NATIONAL PUBLIC RADIO recently reported that the Vatican has opened a public exhibition called "Life and Death in the Rome of the Caesars" that features a Vatican Necropolis, a Roman burial ground located a few feet beneath St. Peter's Basilica in Rome. The necropolis heretofore was opened only to academics and other specialists. It contains marble sarcophagi, tombs dating back to the first century, Roman frescoes and beautiful mosaics.

Enslaved people, artisans and middle-class Roman citizens-many who were employed by the infamous emporer Nero-are buried there, according to epigraphs at the site. Nero became Caesar at the age of 16 in 54 CE and reigned until 68 CE, when he committed suicide. (The Senate had turned against him.) Remembered as a cruel and eccentric tyrant, Nero was nonetheless reported to have been the recipient of a very special gift during his life-the last existing stalk of the herb silphium.

Silphium's ancient home turf was a narrow strip of North Africa, 125 miles long and just 35 miles wide, bordering the Mediterranean Sea along the coast of modern Libya and Tunisia, in Nero's day known as Cyrene.
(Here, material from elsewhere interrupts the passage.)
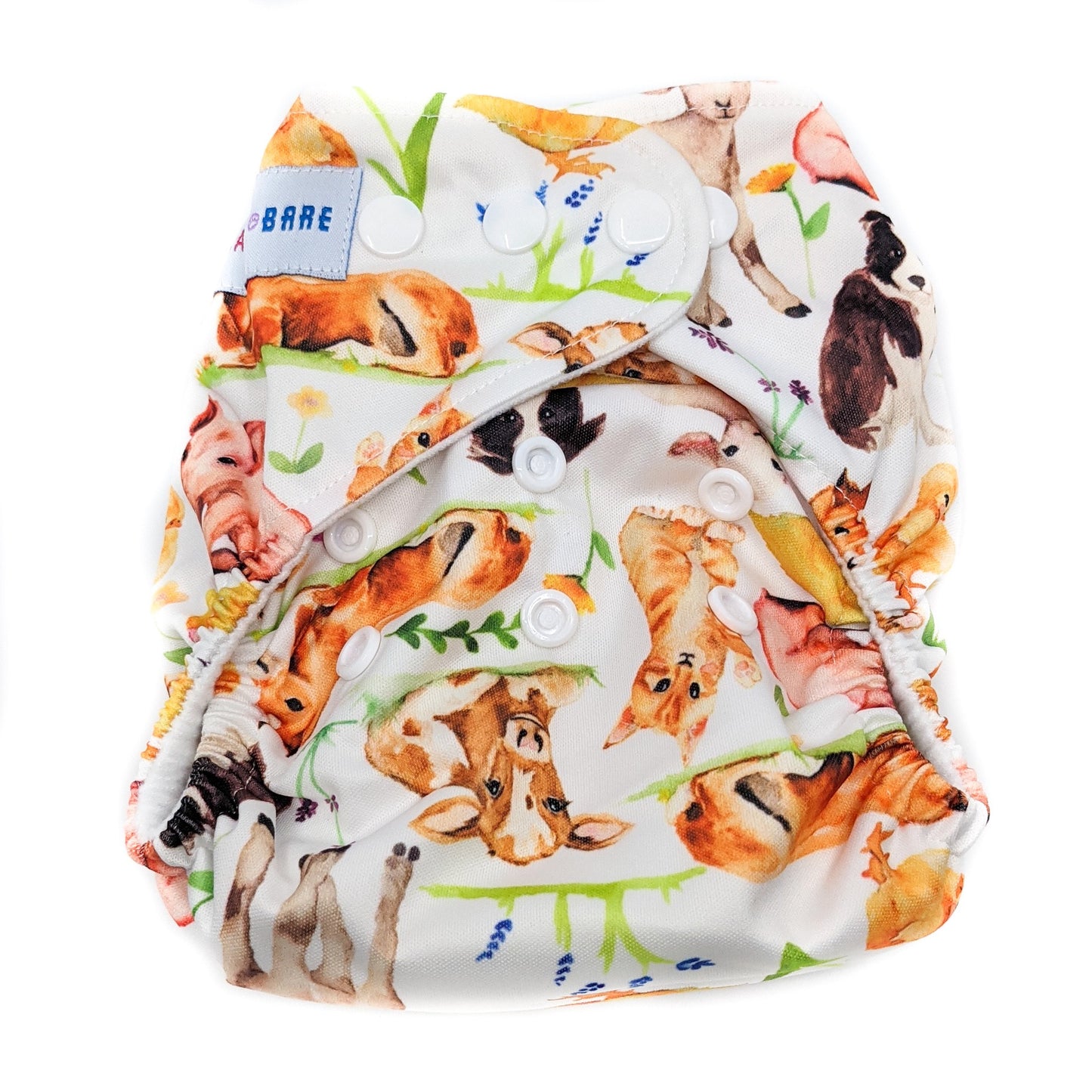 Cloth Nappy | Reusable Nappy | Farm Animals Print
Silphium, or silphion in Greek, was so valuable and the pressure to harvest it so strong that after that last gift to Nero, it was by all accounts extinct. First of all, goats and sheep loved it; what humans didn't harvest, the animals did. For inhabitants of the Roman Empire, it was worth its weight in silver. So much so that Julius Caesar, the first Roman emperor from 49 to 44 BCE, kept a thousand pounds of silphium along with gold in the imperial treasury.

Theophrastus (371 to 287 BCE), the Greek Father of Botany, described the plant as having thick roots covered in black bark with a hollow stalk, similar to fennel, and golden leaves like celery. Its flowers were balls of florets with a rich golden hue.